*** Opening Extracted records ***

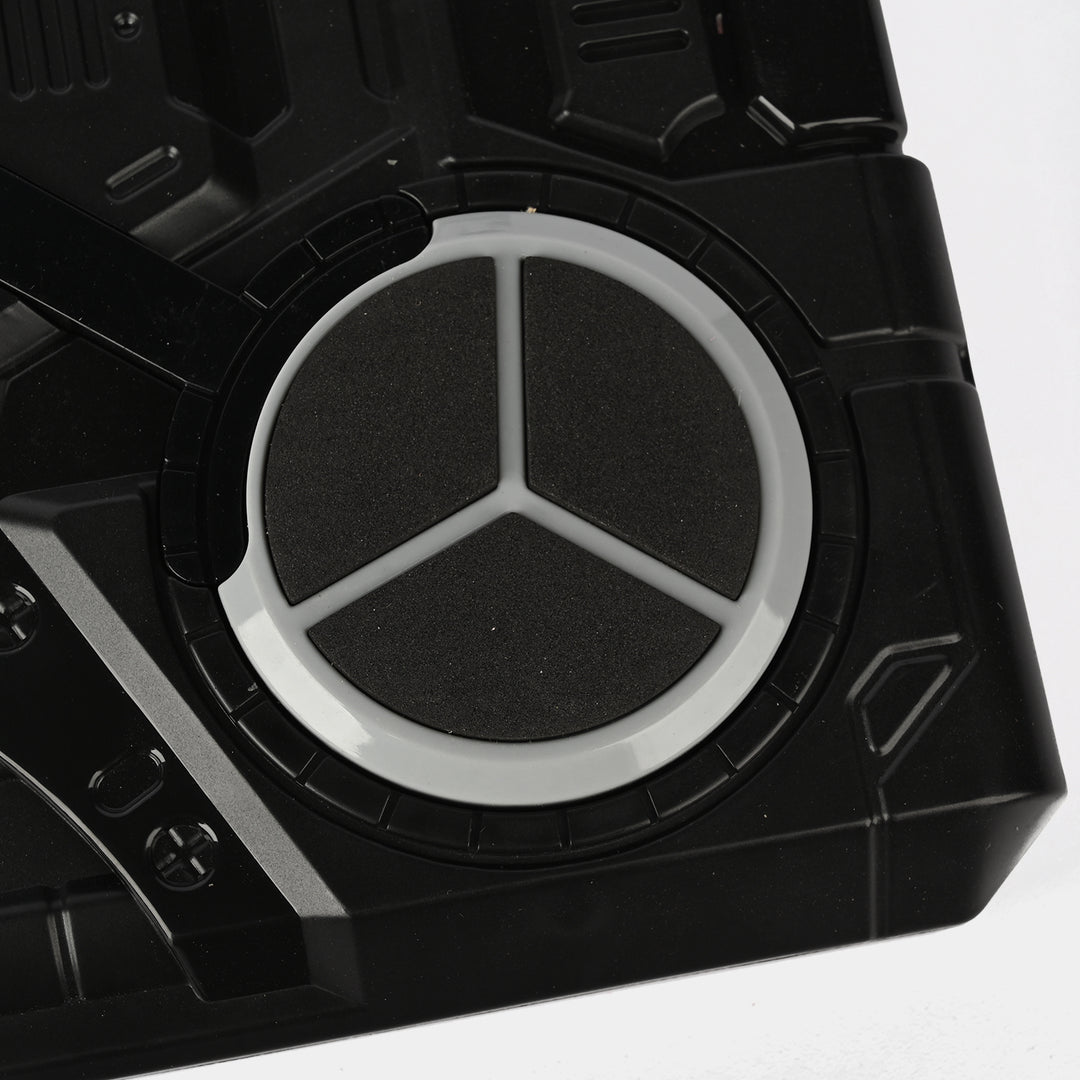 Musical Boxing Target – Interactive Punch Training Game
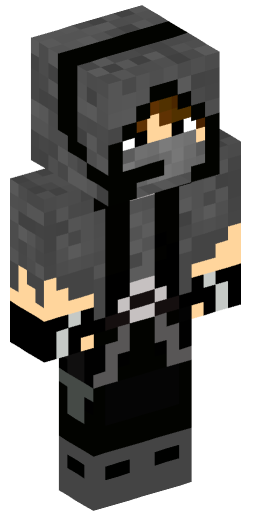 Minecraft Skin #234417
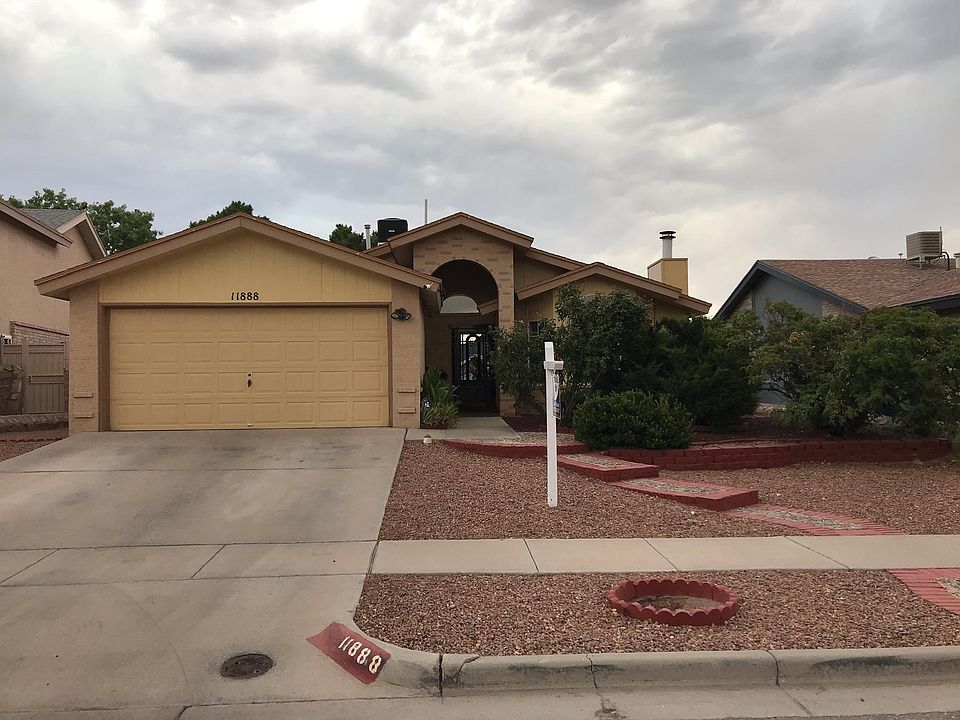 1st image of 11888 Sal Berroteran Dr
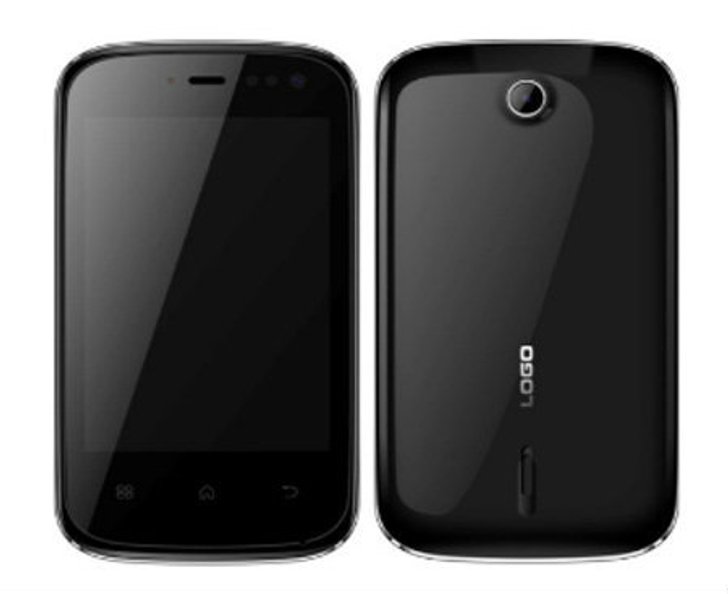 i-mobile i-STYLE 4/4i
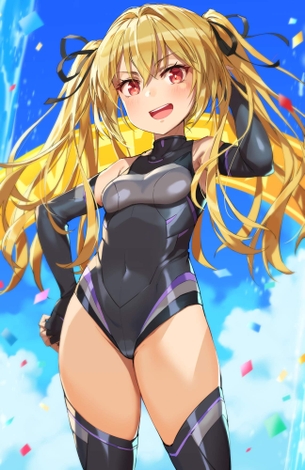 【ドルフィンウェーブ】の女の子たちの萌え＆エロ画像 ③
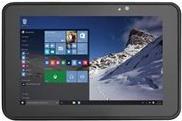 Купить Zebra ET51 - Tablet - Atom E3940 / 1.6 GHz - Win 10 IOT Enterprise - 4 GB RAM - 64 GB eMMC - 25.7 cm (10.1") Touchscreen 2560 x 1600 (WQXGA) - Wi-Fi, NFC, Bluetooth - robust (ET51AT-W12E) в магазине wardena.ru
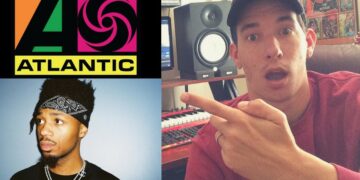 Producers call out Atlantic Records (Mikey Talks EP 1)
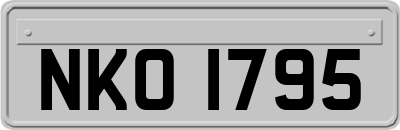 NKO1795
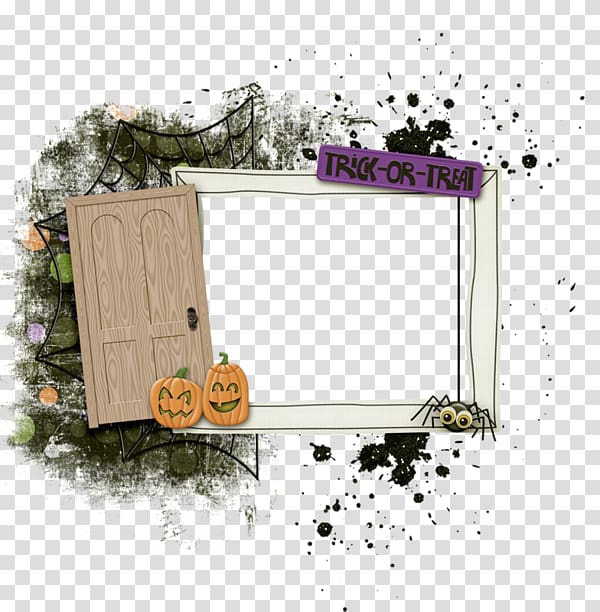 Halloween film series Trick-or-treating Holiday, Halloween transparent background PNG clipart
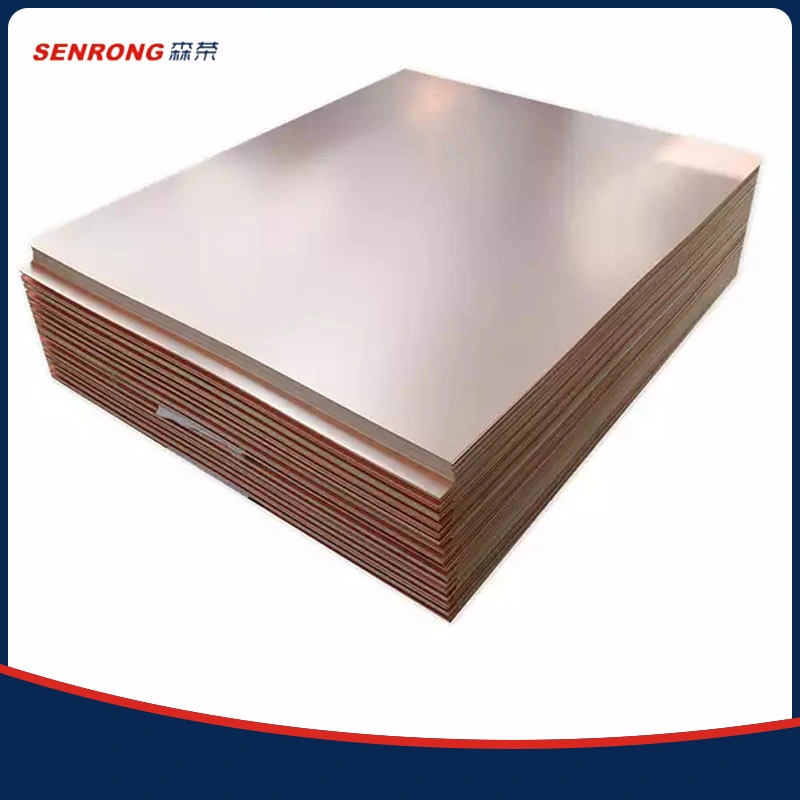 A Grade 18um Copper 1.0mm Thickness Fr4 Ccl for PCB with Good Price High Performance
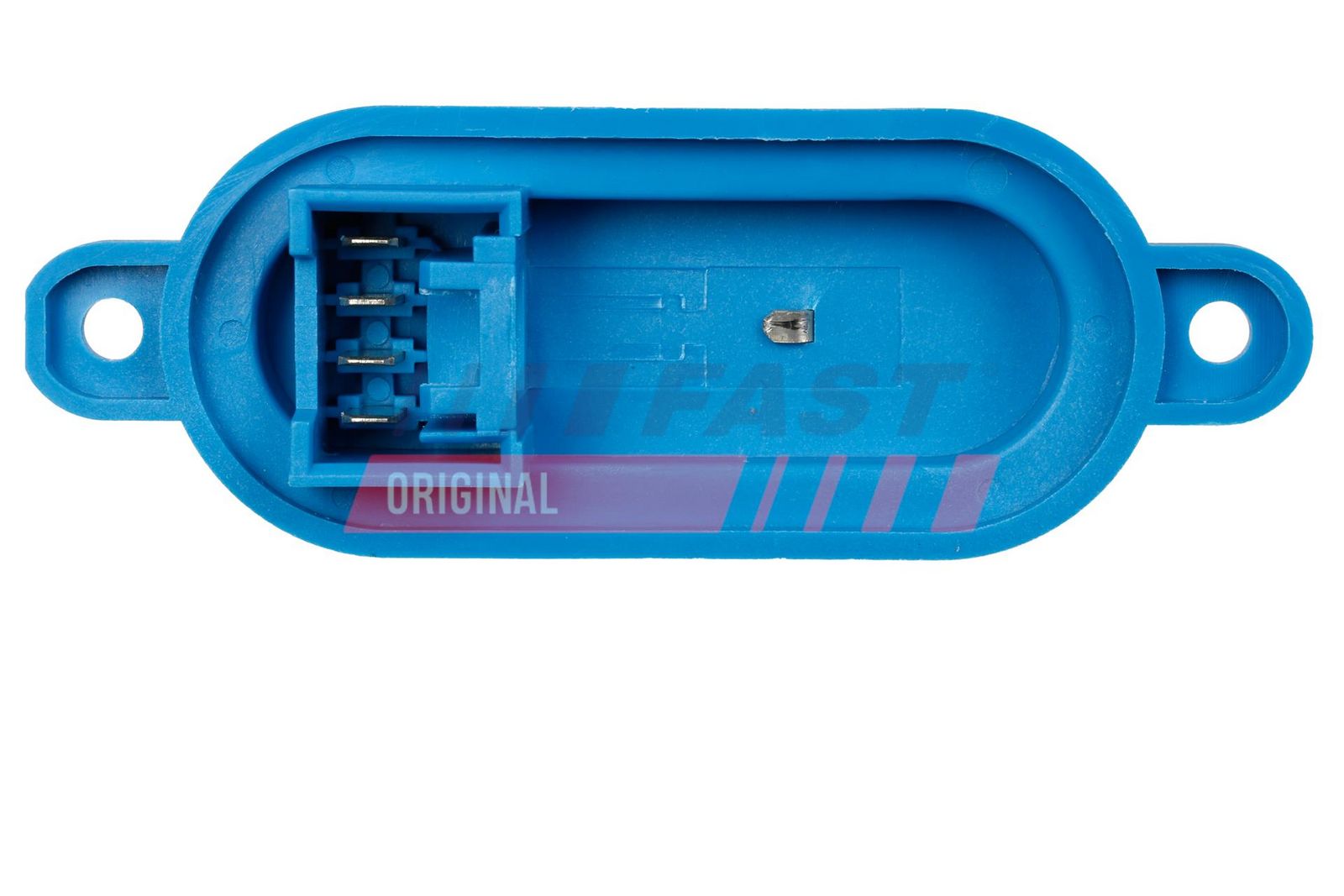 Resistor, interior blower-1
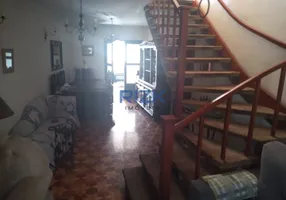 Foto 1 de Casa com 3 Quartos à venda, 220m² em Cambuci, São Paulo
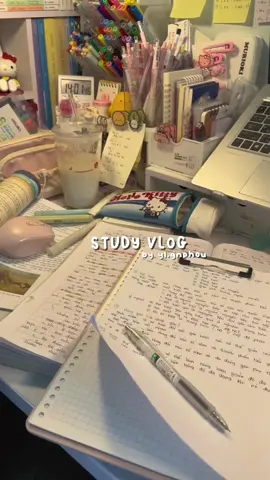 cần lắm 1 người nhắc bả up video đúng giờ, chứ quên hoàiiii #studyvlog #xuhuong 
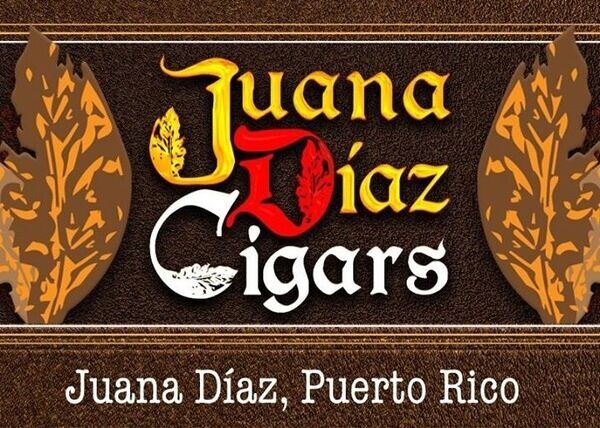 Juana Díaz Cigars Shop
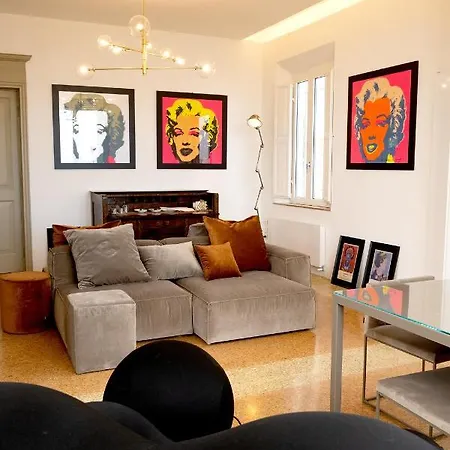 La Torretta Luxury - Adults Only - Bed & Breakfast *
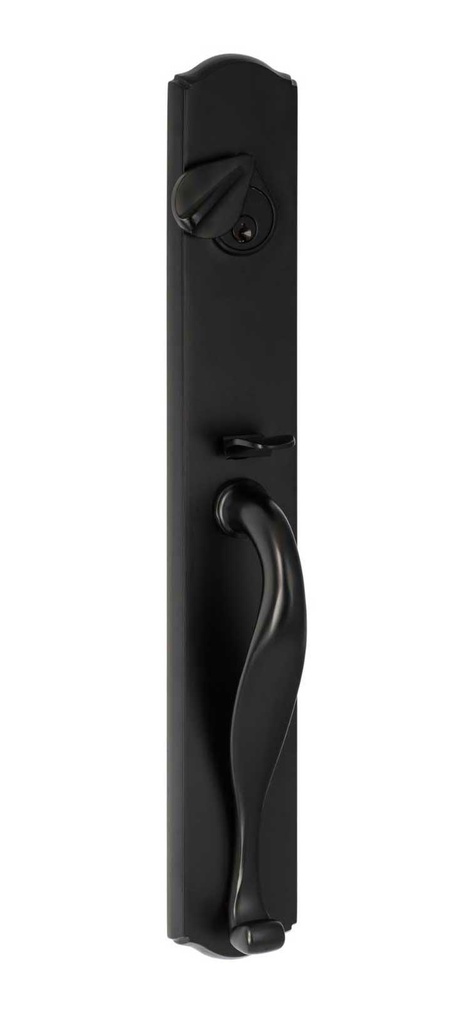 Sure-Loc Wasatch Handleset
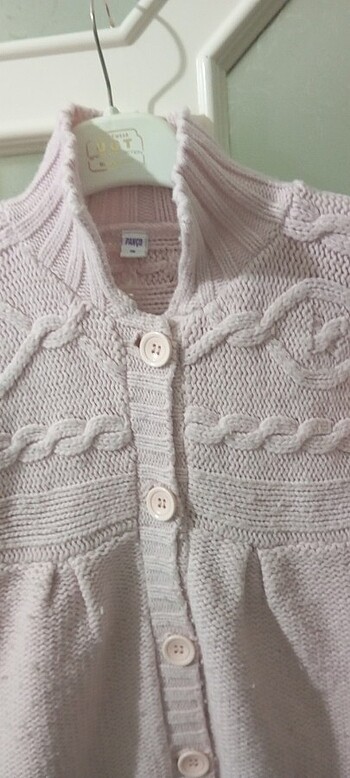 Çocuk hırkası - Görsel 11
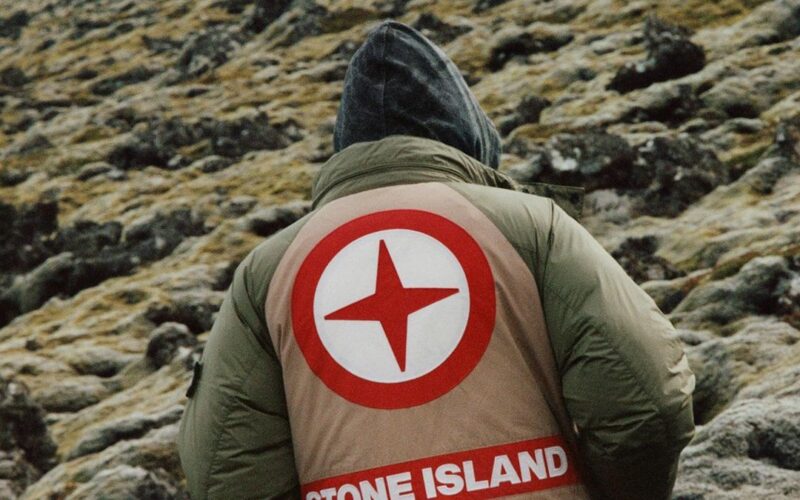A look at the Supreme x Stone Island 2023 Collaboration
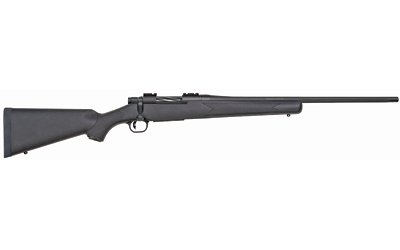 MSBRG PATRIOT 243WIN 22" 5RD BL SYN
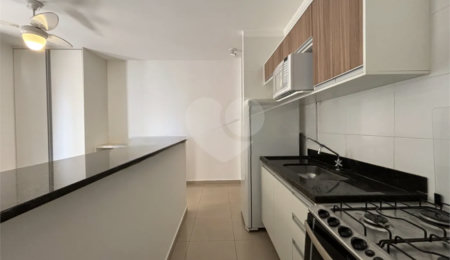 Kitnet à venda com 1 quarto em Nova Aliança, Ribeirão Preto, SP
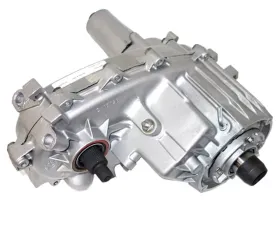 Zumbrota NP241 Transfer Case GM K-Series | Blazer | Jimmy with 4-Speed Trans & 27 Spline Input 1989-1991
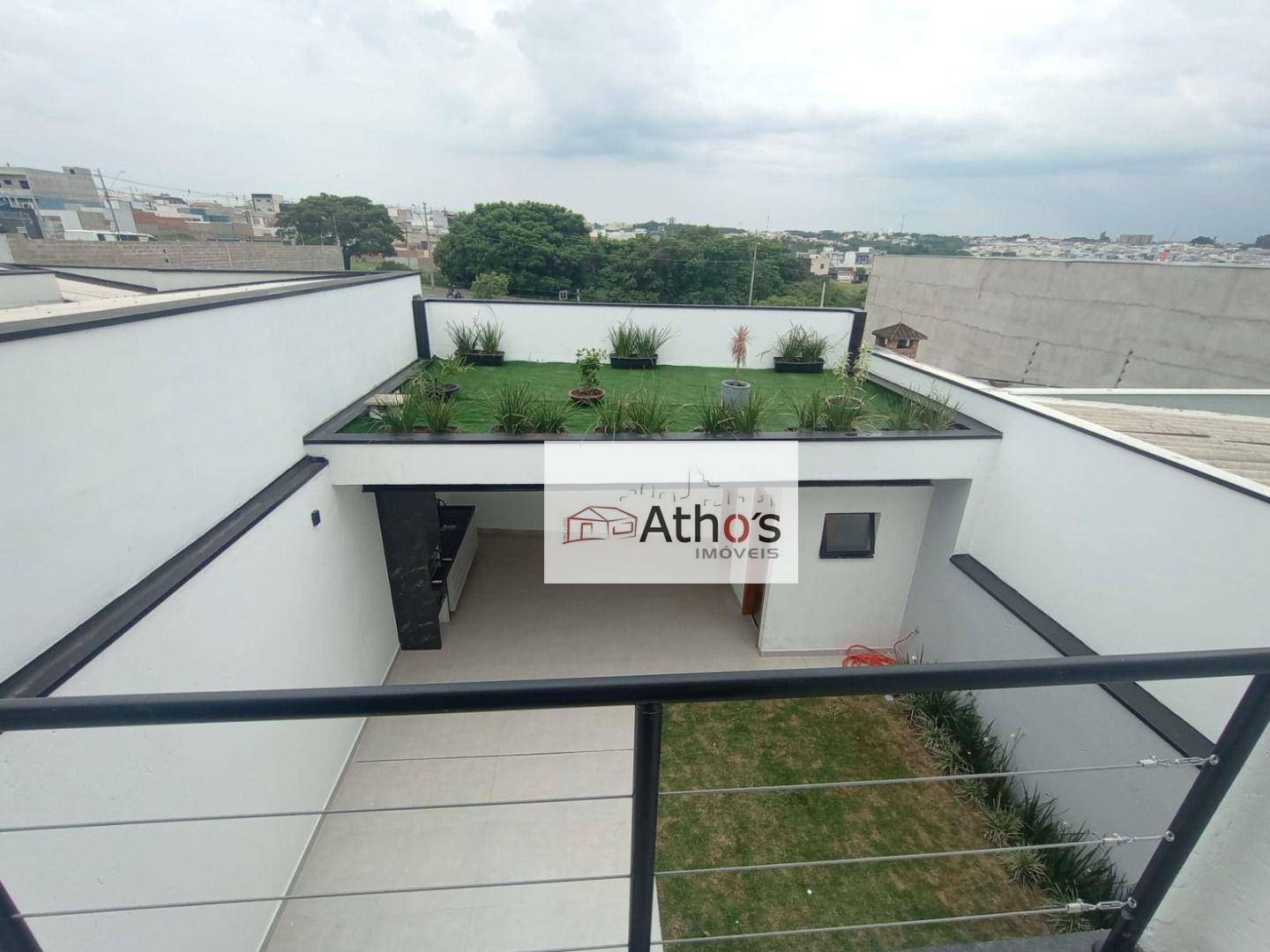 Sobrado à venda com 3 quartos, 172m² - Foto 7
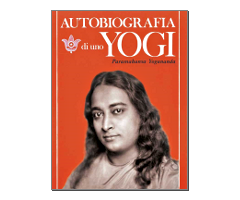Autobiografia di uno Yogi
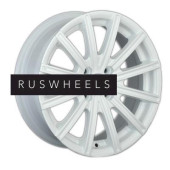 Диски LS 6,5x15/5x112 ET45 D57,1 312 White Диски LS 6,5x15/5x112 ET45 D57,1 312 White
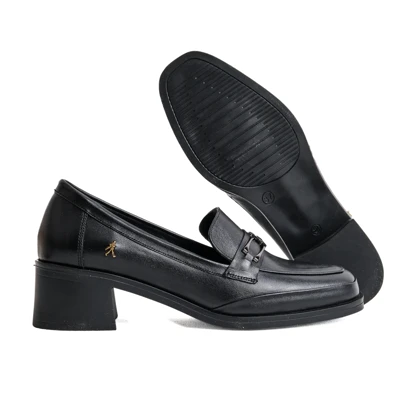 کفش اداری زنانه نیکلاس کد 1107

*** Closing Extracted records ***

• What you should do: Each of the records above needs to be transcribed exactly, apart from its pictures.

• Result:
 Musical Boxing Target – Interactive Punch Training Game
 Minecraft Skin #234417
 1st image of 11888 Sal Berroteran Dr
 i-mobile i-STYLE 4/4i
 【ドルフィンウェーブ】の女の子たちの萌え＆エロ画像 ③
 Купить Zebra ET51 - Tablet - Atom E3940 / 1.6 GHz - Win 10 IOT Enterprise - 4 GB RAM - 64 GB eMMC - 25.7 cm (10.1") Touchscreen 2560 x 1600 (WQXGA) - Wi-Fi, NFC, Bluetooth - robust (ET51AT-W12E) в магазине wardena.ru
 Producers call out Atlantic Records (Mikey Talks EP 1)
 NKO1795
 Halloween film series Trick-or-treating Holiday, Halloween transparent background PNG clipart
 A Grade 18um Copper 1.0mm Thickness Fr4 Ccl for PCB with Good Price High Performance
 Resistor, interior blower-1
 Foto 1 de Casa com 3 Quartos à venda, 220m² em Cambuci, São Paulo
 cần lắm 1 người nhắc bả up video đúng giờ, chứ quên hoàiiii #studyvlog #xuhuong 
 Juana Díaz Cigars Shop
 La Torretta Luxury - Adults Only - Bed & Breakfast *
 Sure-Loc Wasatch Handleset
 Çocuk hırkası - Görsel 11
A look at the Supreme x Stone Island 2023 Collaboration
 MSBRG PATRIOT 243WIN 22" 5RD BL SYN
 Kitnet à venda com 1 quarto em Nova Aliança, Ribeirão Preto, SP
 Zumbrota NP241 Transfer Case GM K-Series | Blazer | Jimmy with 4-Speed Trans & 27 Spline Input 1989-1991
 Sobrado à venda com 3 quartos, 172m² - Foto 7
Autobiografia di uno Yogi
 Диски LS 6,5x15/5x112 ET45 D57,1 312 White Диски LS 6,5x15/5x112 ET45 D57,1 312 White
 کفش اداری زنانه نیکلاس کد 1107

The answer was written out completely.